- Born: 27 September 1939 Srinagar
- Died: 20 July 1974 (aged 35) Mumbai
- Occupations: Film director; Screen writer; film producer;
- Years active: 1970–1974

= Avtar Krishna Kaul =

Indian director (1939–1974)

Awtar Krishna Kaul (27 September 1939 – 20 July 1974) was an Indian film director who was active between 1970 and 1974. He won the National Film Award for Best Hindi Feature Film for 27 Down (1974). Awtar was the film's screenwriter and producer. The National Film Award for Best Cinematography was awarded to Apurba Kishore Bir. It received the Ecumenical Award at the Locarno Film Festival and the Dulac Prize at the Mannheim International Film Festival. It has been screened at the Festival des 3 Continents, France; IFFI, Goa; and GES-2, Moscow.

In 2024, the film celebrated its golden jubilee year.

Before 27 Down, Awtar worked as an assistant director on Merchant Ivory Productions’ Bombay Talkie (1970).

==Early life==
Kaul was born on 27 September 1939, in Srinagar, Jammu and Kashmir. His family later moved to Delhi.

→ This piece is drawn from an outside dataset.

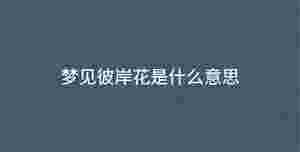 深色背景 - 2022-11-22T114733.218.jpg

He initially worked for the Ministry of External Affairs, and his first posting was in Pakistan. In 1960, he was assigned to the Indian Embassy in New York. The same year, he quit his job to enroll in a diploma program in film making at the Institute of Film Techniques in New York. Thereafter, he pursued a bachelor’s degree program in filmmaking at the City University of New York from 1964 to 1968. During this time, he worked part-time, alternately as a copyeditor/typesetter (“copyholder”) for the Associated Press and as an editor at the British Information Services in New York.

==Career==
Kaul returned to India in 1970 to work on the Merchant-Ivory production Bombay Talkie. He made his debut—and only—film in 1974 on a budget of 8 lakh. Awtar covered nearly 40% of the budget, with the National Film Development Corporation (NFDC) funding the remainder.

==Personal life==
Kaul married Anne, an American, during his 14-year stay in the U.S.

==Death==
Kaul died in a drowning accident while trying to save a friend. The incident occurred in the White House Area of Walkeshwar, Mumbai, on July 20, 1974. On the same day, 27 Down was announced as the winner of two National Awards.